PAX7 is a pioneer transcription factor that controls cell fate specification through chromatin remodeling. It is critical to regulate satellite cell expansion and differentiation during both neonatal and adult myogenesis (Mayran et al. 2018). Bi-allelic variants in PAX7 have been shown to cause progressive congenital myopathy with scoliosis (MYOSCO). Patients develop muscle weakness and atrophy in the early postnatal period and deteriorate with age (Feichtinger et al. 2019). Previous studies have reported the impact of PAX7 loss-of-function in human muscle development and related diseases. However, the role of PAX7 variants in congenital vertebral malformations, particularly CS, remains understudied.

Considering that scoliosis is within the phenotypic spectrum of the PAX7-related myopathy described above, gene variants of PAX7 are likely to play an essential role in isolated CS. Understanding this relationship has the potential to improve the diagnostic rate of such diseases and further expand our understanding of how muscle development influences vertebral development.

We identified nine individuals with CS who carried rare variants of PAX7 from a Chinese cohort of vertebral malformations in the Deciphering disorders Involving Scoliosis and COmorbidities (DISCO) study ( at Peking Union Medical College Hospital (PUMCH) (total cohort size n = 583). Exome sequencing and bioinformatics data analyses were performed, and variants in genes associated with CS were not detected (materials and methods are shown in supplementary material). We identified six different disease-causing candidate variants in the PAX7 gene (NM_002584.2) based on each variant’s predicted deleterious functional impact, including 5 heterozygous missense variants and a heterozygous stop-gain variant locating on exons 6 and 8 of PAX7 isoforms 1 and 2 (Table 1). All variants were previously unreported in the public database. CADD scores of the missense variants ranged from 7.196 to 15.951 and are 37 for the stop-gained variant. Furthermore, the missense variant c.917C > T, p.Pro306Leu is predicted to be pathogenic by SIFT and Variant Assessor.

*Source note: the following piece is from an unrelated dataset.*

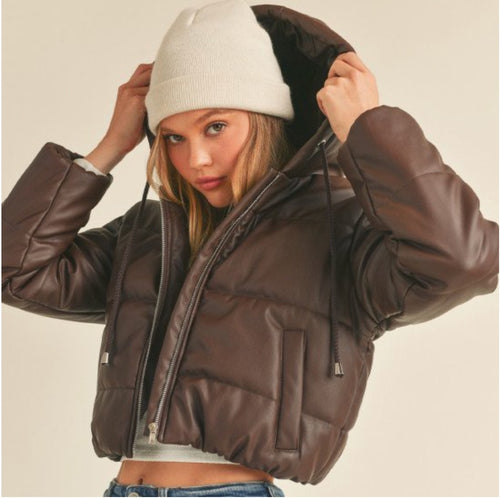 Cropped Vegan Leather Down Jacket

Table 1 Genetic description of the PAX7 variants and clinical features of the patients

The clinical data for each affected individual with a PAX7 variant is summarized in Table 1. All individuals from our cohort had uneventful prenatal histories. The earliest diagnostic age of CS was 3 years old, while the mean age was 10.9 ± 3.8. Two patients presented with only vertebral malformations (including butterfly vertebrae and hemivertebrae) were categorized to have Type I CS. Two patients who presented with only failure of segmentation (whether vertebral or laminar fusion) were categorized as Type II CS. The remaining five patients were diagnosed with Type III CS, suffering both types of spinal deformities (radiological data is summarized in Figure 2 in supplementary material). The most frequent location of vertebral malformation was the thoracic spine, followed by the lumbar and cervical spine. Failure of segmentation led to rib fusion and pigeon chest in one patient, while hemivertebrae of thoracic and lower lumbar spine resulted in the absence of ribs and sacrum deformity, respectively, in two patients. Comorbidities included restrictive ventilation dysfunction due to decreased thoracic volume led by severe scoliosis, endured by three patients; one patient had congenital atelectasis of the left lung; two patients had congenital heart disease (mild-moderate tricuspid regurgitation in one patient and patent ductus arteriosus in the other). Intraspinal anomalies, including diastematomyelia and syringomyelia, were found in five individuals through spinal MRI. Interestingly, according to the British Medical Research Council scale, only one patient showed mild muscle tonus decrease (grade 4/5 in upper limbs and grade 4+/5 in lower limbs).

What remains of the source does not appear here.